▶ **ACTIVITY**
Write out the records that follow exactly. Do not include pictures.

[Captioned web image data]
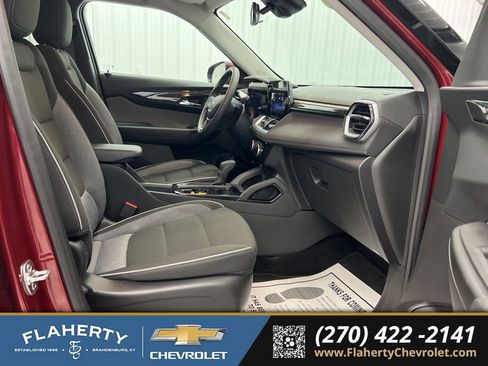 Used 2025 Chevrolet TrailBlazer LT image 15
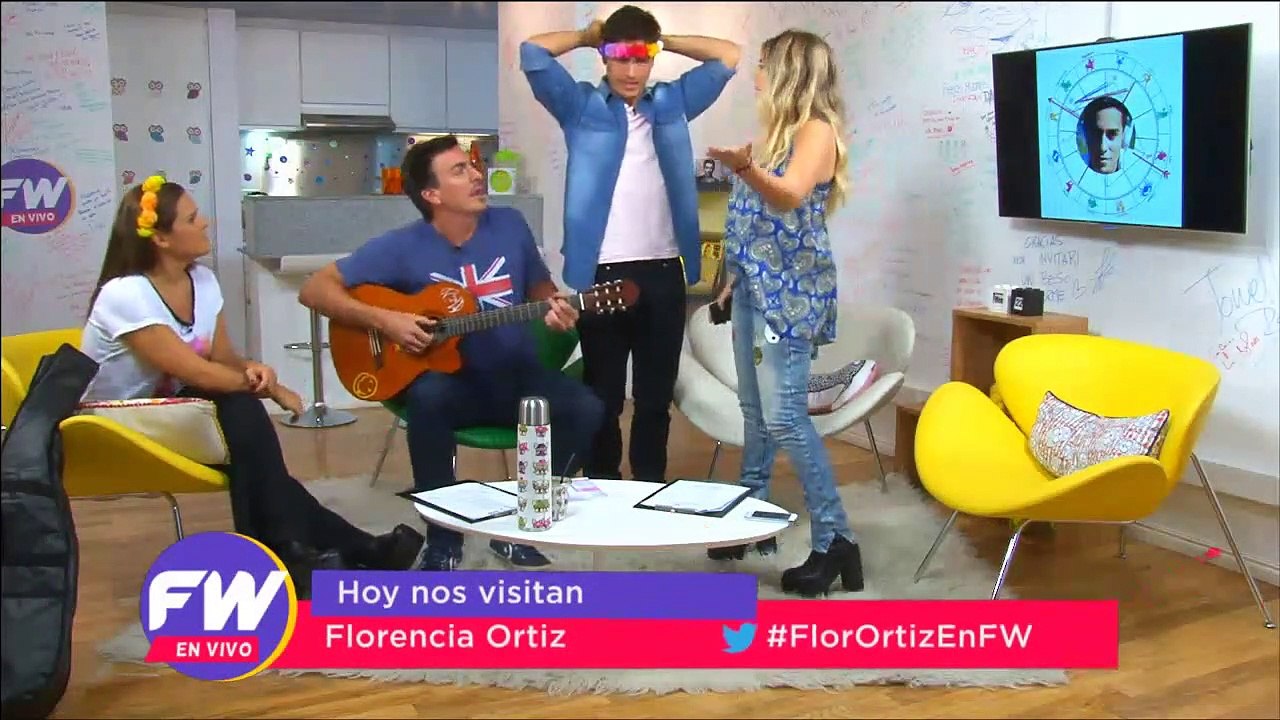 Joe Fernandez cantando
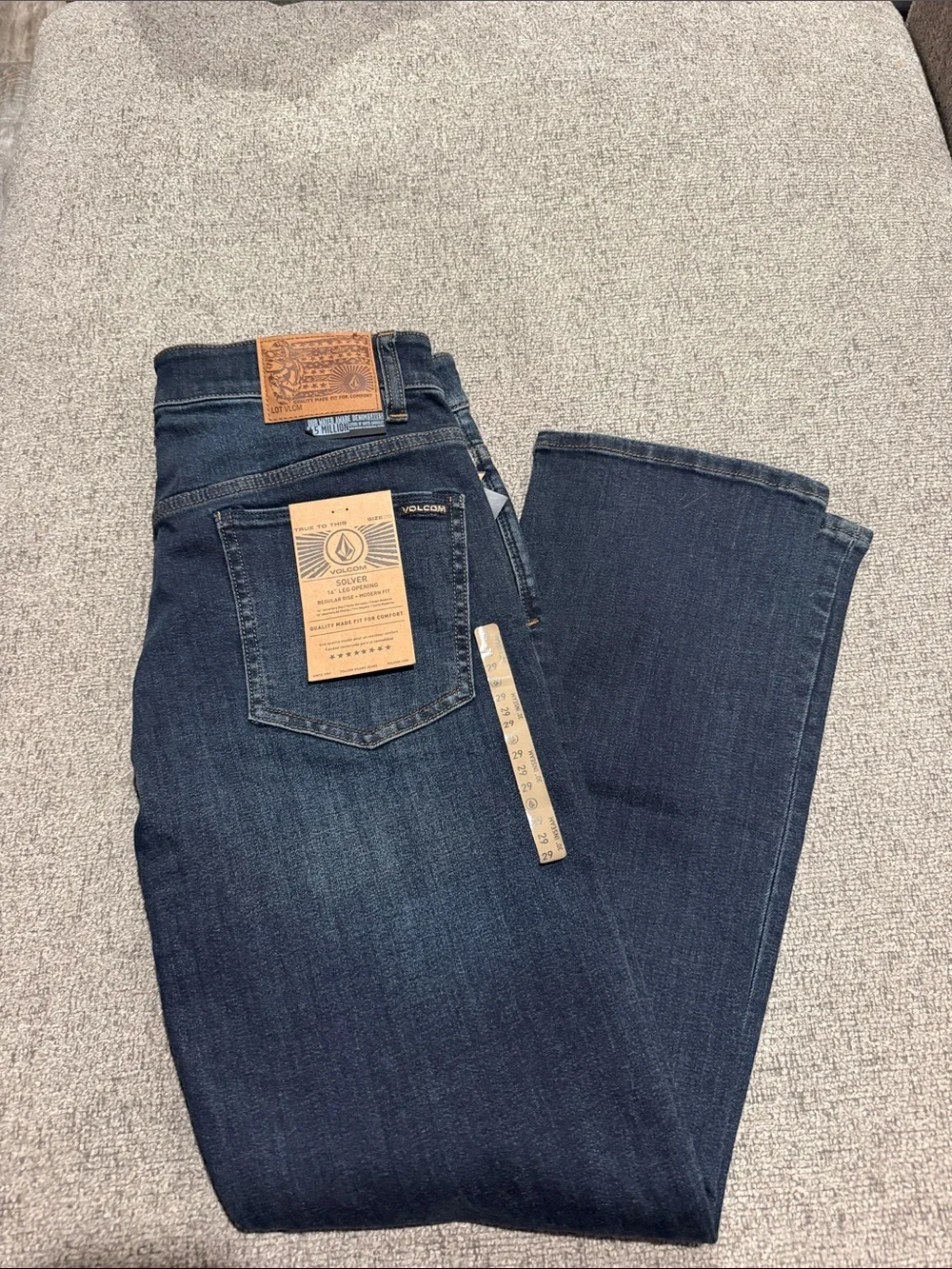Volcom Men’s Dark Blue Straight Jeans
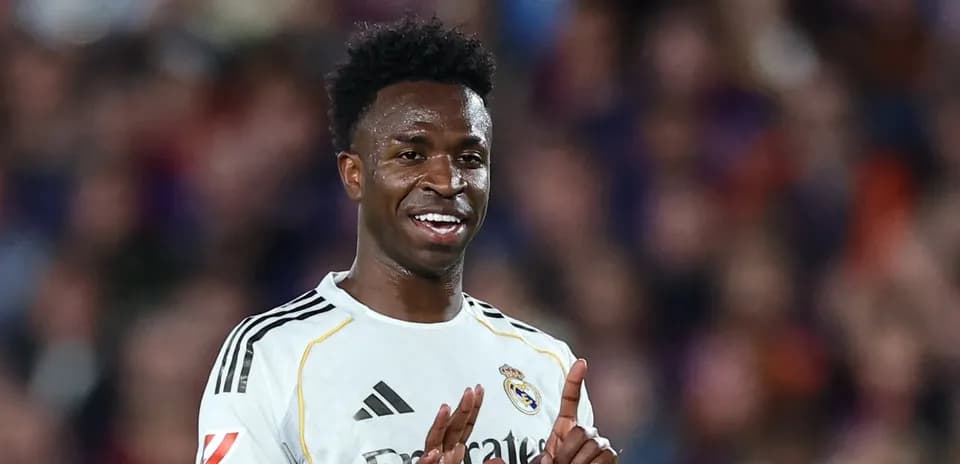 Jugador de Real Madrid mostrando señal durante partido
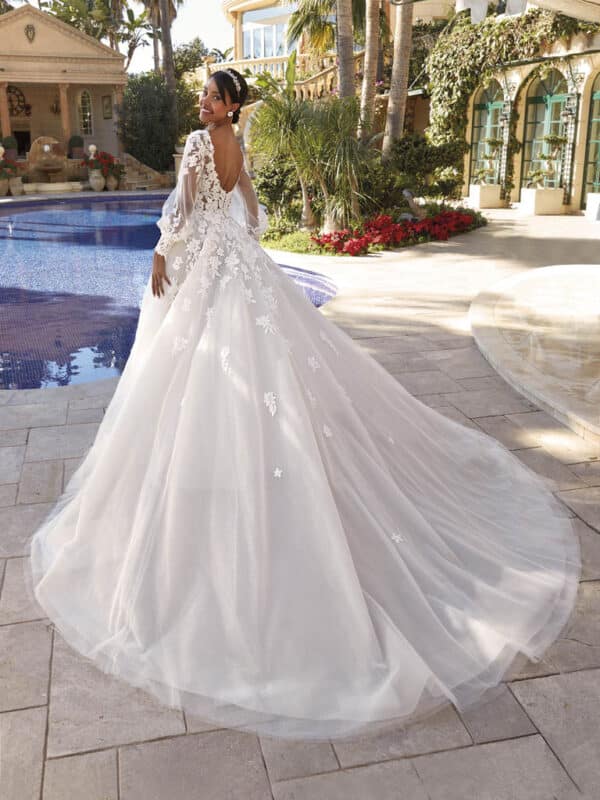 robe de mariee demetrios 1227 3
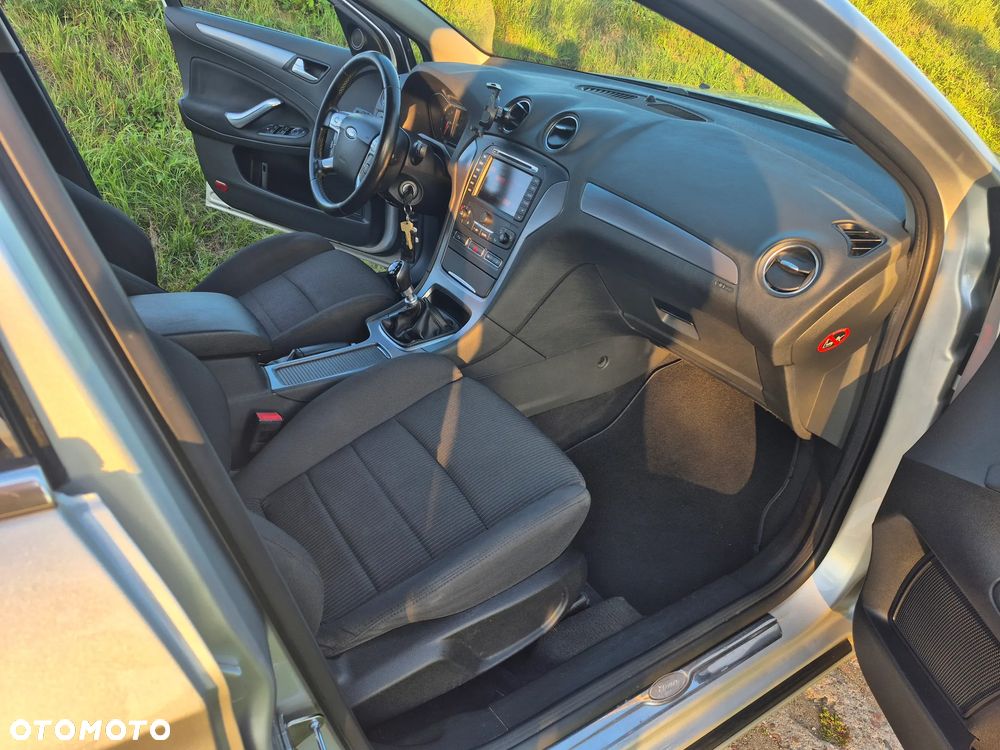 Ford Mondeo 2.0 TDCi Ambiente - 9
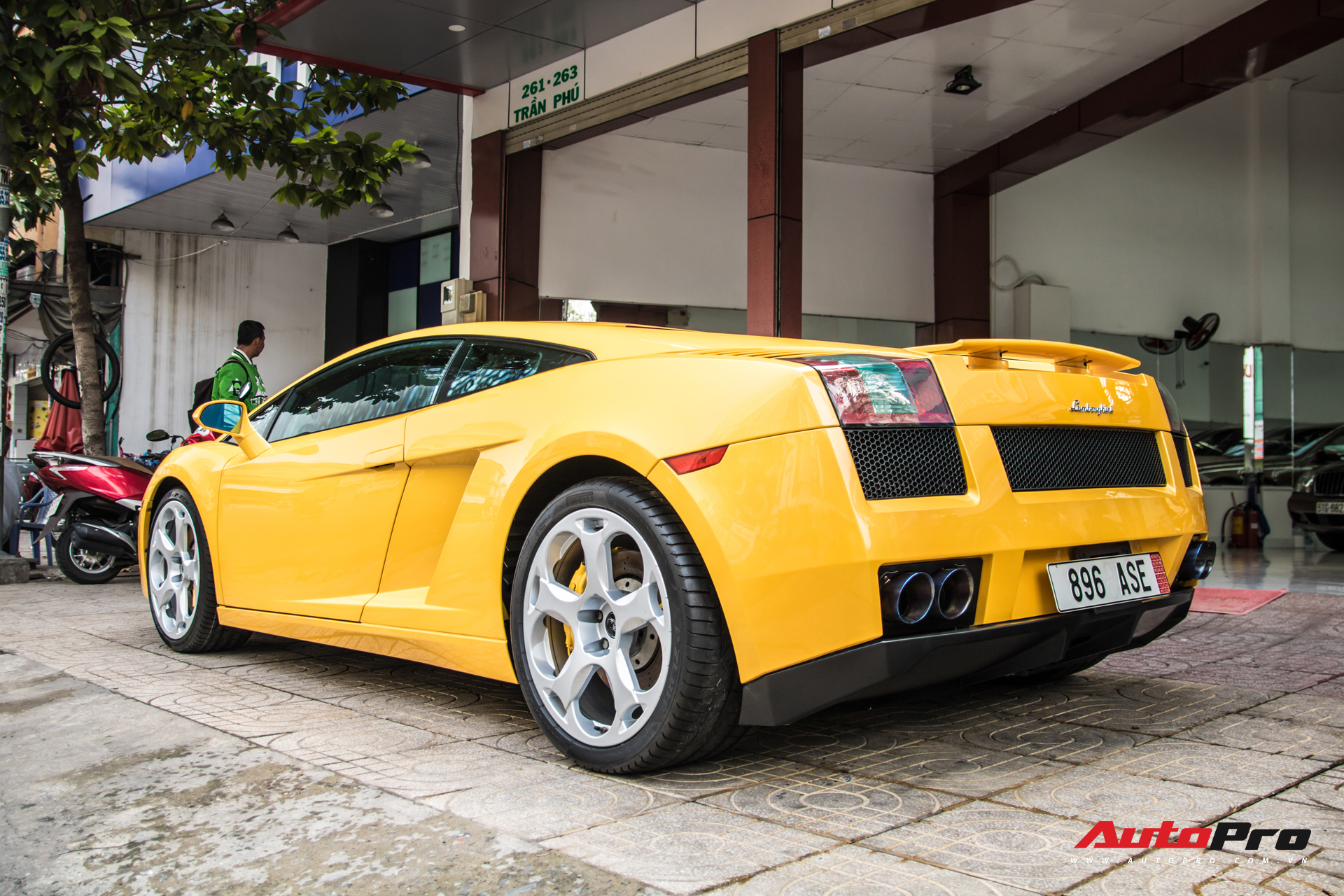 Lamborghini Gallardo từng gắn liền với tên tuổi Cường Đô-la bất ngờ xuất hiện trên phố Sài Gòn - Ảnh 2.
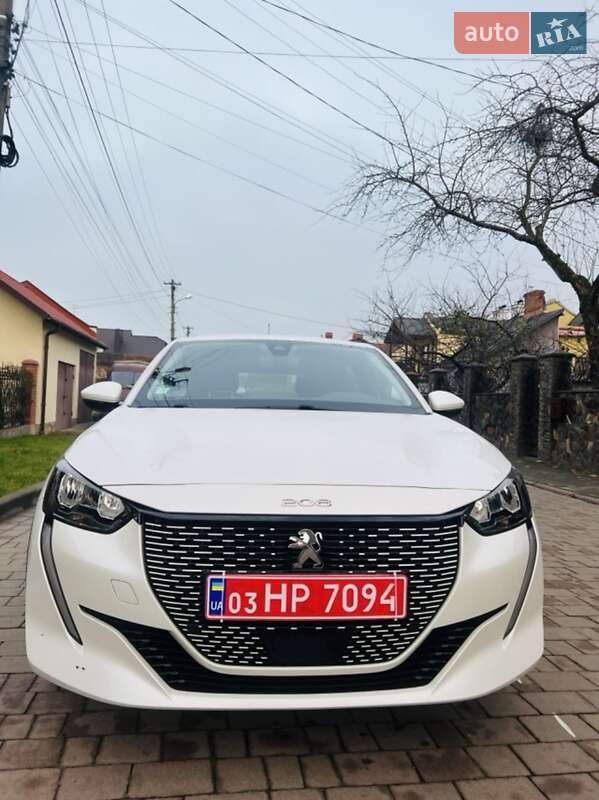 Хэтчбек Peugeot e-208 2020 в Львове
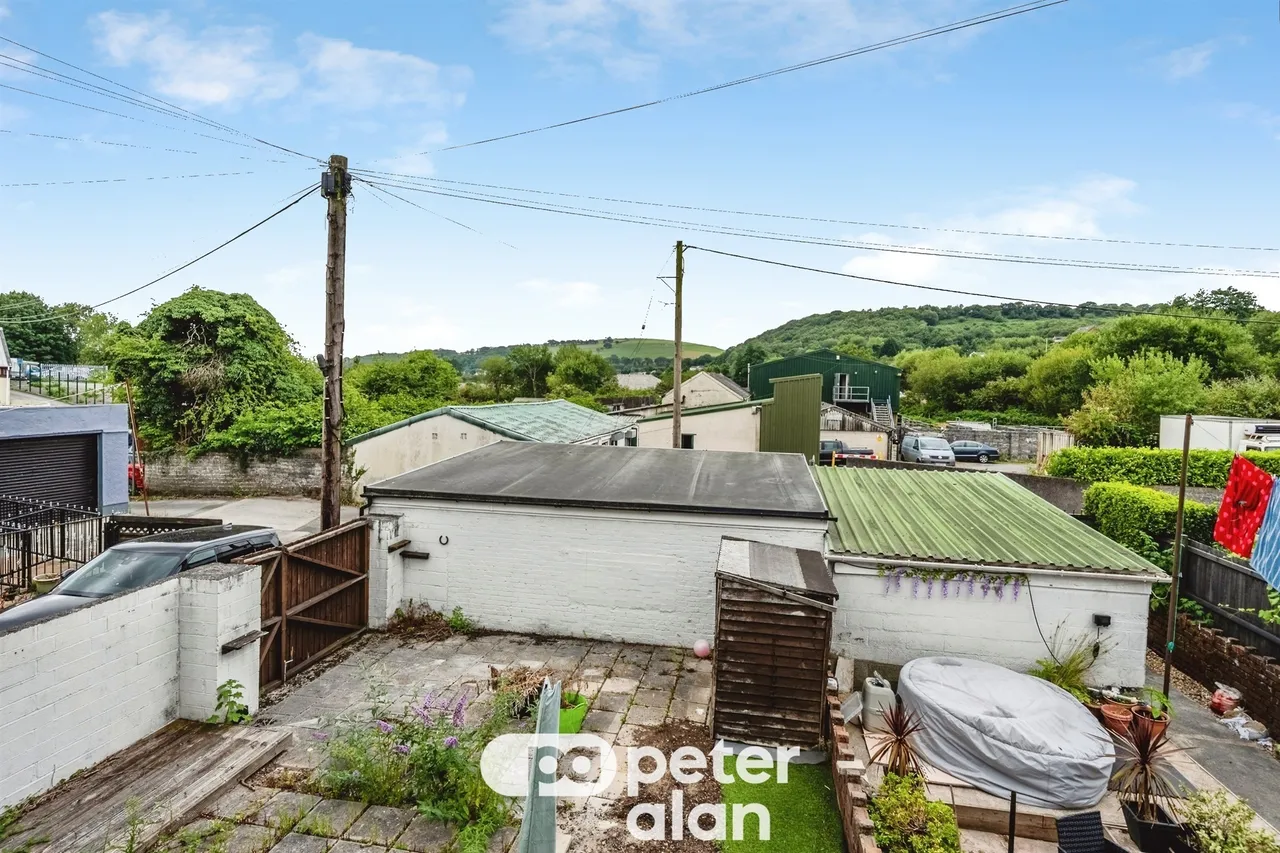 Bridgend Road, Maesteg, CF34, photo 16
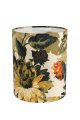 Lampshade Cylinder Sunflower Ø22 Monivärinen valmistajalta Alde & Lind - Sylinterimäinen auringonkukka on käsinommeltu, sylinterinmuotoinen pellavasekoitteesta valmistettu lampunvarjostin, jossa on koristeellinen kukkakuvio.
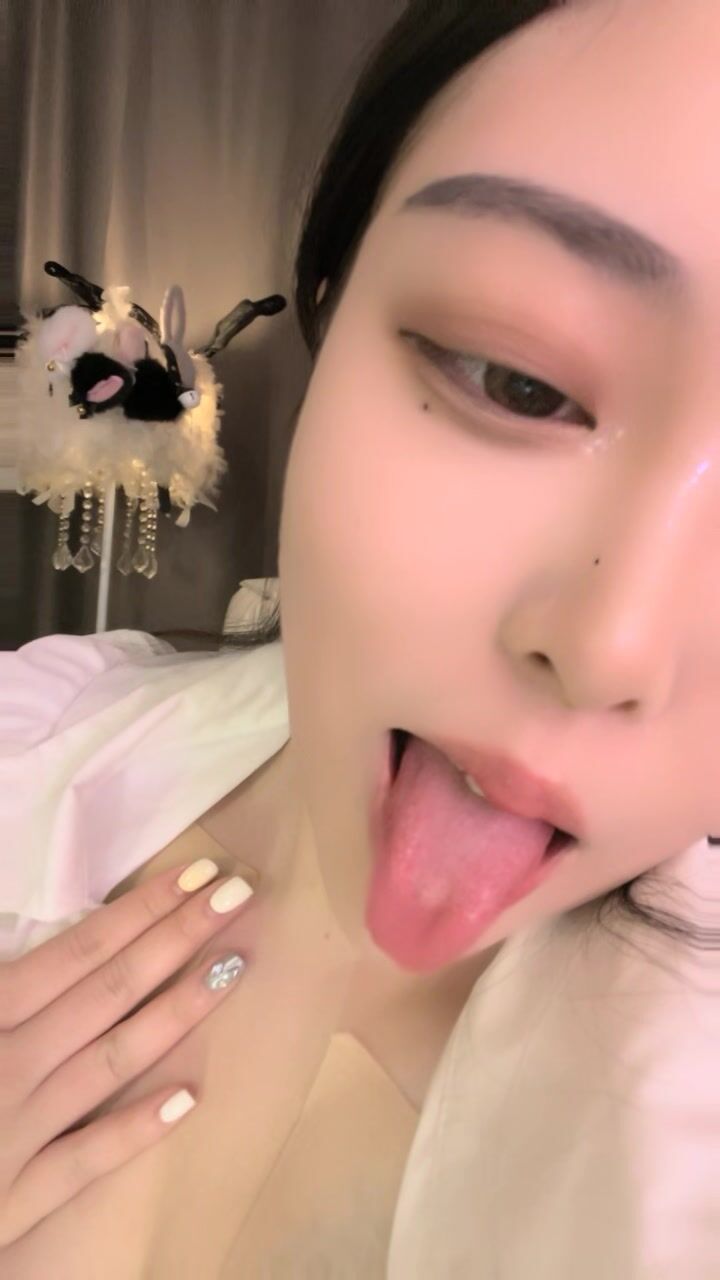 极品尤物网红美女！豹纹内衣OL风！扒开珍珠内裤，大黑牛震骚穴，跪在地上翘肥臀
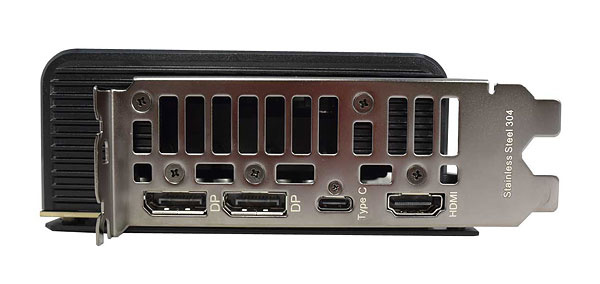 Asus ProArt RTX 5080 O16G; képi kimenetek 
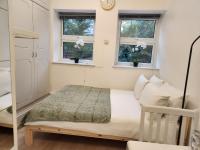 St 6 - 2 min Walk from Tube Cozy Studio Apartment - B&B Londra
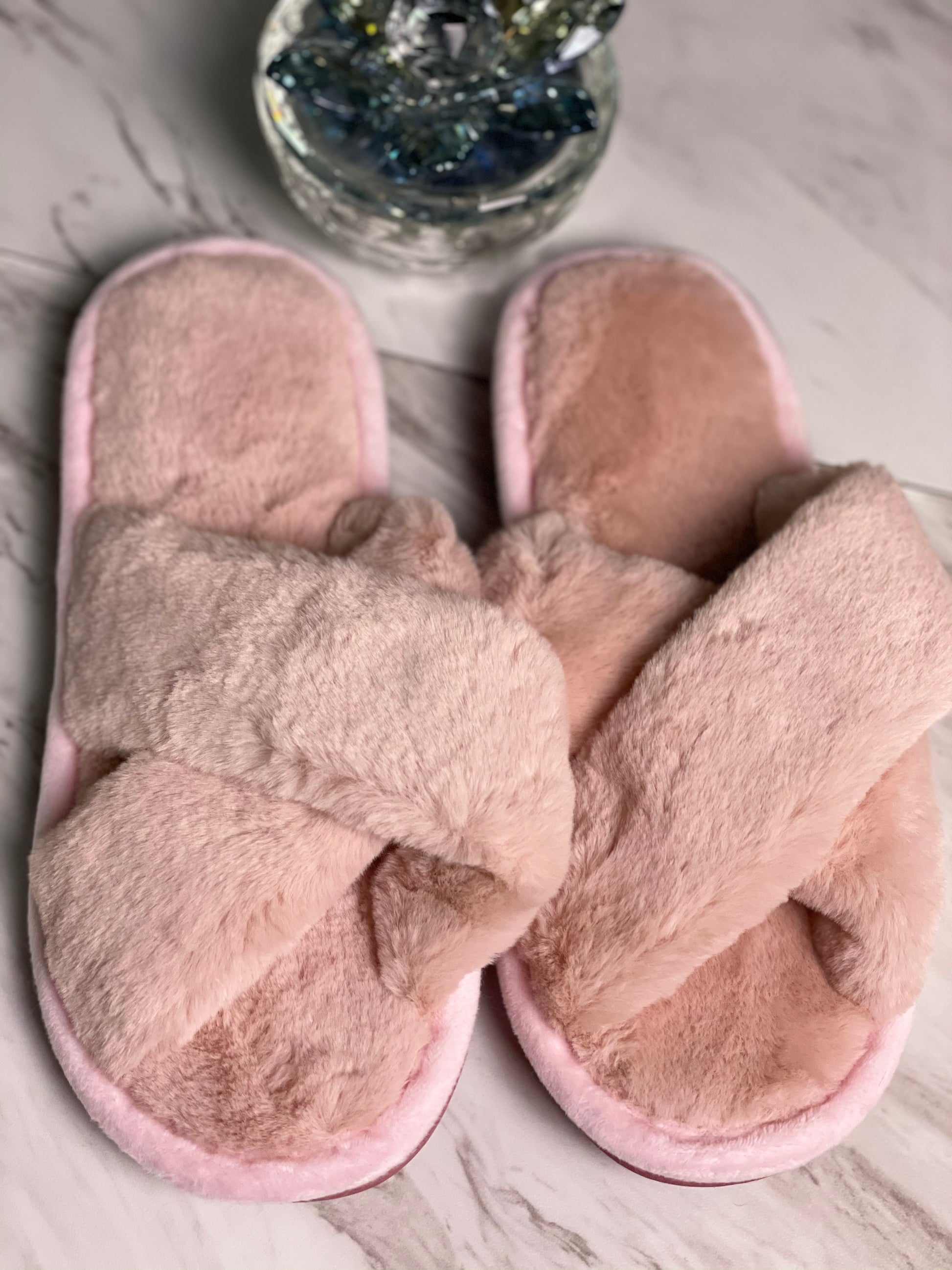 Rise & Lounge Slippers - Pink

▶ **OUTPUT FOR THIS TASK**
 Used 2025 Chevrolet TrailBlazer LT image 15
 Joe Fernandez cantando
Volcom Men’s Dark Blue Straight Jeans
 Jugador de Real Madrid mostrando señal durante partido
 robe de mariee demetrios 1227 3
 Ford Mondeo 2.0 TDCi Ambiente - 9
 Lamborghini Gallardo từng gắn liền với tên tuổi Cường Đô-la bất ngờ xuất hiện trên phố Sài Gòn - Ảnh 2.
 Хэтчбек Peugeot e-208 2020 в Львове
 Bridgend Road, Maesteg, CF34, photo 16
 Lampshade Cylinder Sunflower Ø22 Monivärinen valmistajalta Alde & Lind - Sylinterimäinen auringonkukka on käsinommeltu, sylinterinmuotoinen pellavasekoitteesta valmistettu lampunvarjostin, jossa on koristeellinen kukkakuvio.
 极品尤物网红美女！豹纹内衣OL风！扒开珍珠内裤，大黑牛震骚穴，跪在地上翘肥臀
 Asus ProArt RTX 5080 O16G; képi kimenetek 
 St 6 - 2 min Walk from Tube Cozy Studio Apartment - B&B Londra
 Rise & Lounge Slippers - Pink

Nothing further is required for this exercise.